Aldo Bañuelos, Leonel Villafranca and David Juarez, majoring in computer science, mechanical engineering and chemical engineering, respectively, will graduate in May 2019. The proactive trio attended the expo to look for internships, a subject that a number of the recruiters seemed eager to discuss with students.

Juanita Baldwin, recruitment and internship coordinator for TECQ, spoke with students about the Mickey Leland Environmental Internship Program, now in its 25th year.

“During these 25 years, we have placed a couple thousand undergraduate and graduate student in paid, full-time summer internships,” Baldwin said. “These are in Austin at our central office or in one of our 60 regional offices throughout the state. Our primary focus is STEM majors, but I turn no major away.”

Several of the recruiters, among them Esteban Maldonado with Dallas Fire-Rescue, said one of the first questions asked by students is, “What does this job pay?”

Maldonado caught some attention when he told students the starting pay at Dallas Fire-Rescue, while attending the academy, is $50,000.

The U.S. Navy and the U.S. Army were at side-by-side tables, fielding questions from students.

Naval Lt. Cmdr. Michael Rauen, the recruiting division officer for South Texas, talked to students about a number of programs for students to finish their degrees or continue their educations while being paid as a commissioned officer.

The director of the UTRGV Career Center, Juan Rodriguez-Nieto, said he was very pleased with outcome of the Fall Career Expo and the large number of attendees – at last count, more than 300.

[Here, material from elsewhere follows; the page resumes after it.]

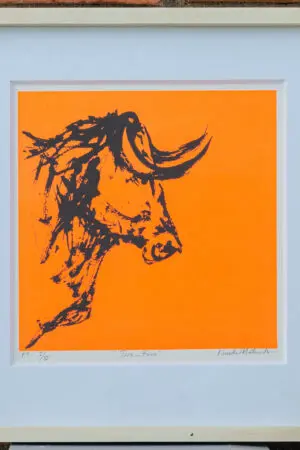 Obra del artista Tomás Pineda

“Our responsibility is to provide assistance to undergraduates, graduate students and alumni with the latest in career information,” Rodriguez-Nieto said. “One way we help is to arrange opportunities for one-on-one connections with recruiters, such as at this Career Expo. These human resources representatives make the effort to attend because they are aware of the excellent reputation of UTRGV’s talented, often bilingual, students.”

The HESTEC Fall Career Expo will continue at the UTRGV Edinburg Campus from 10 a.m. to 3 p.m. on Friday, Oct. 7, in the Fieldhouse.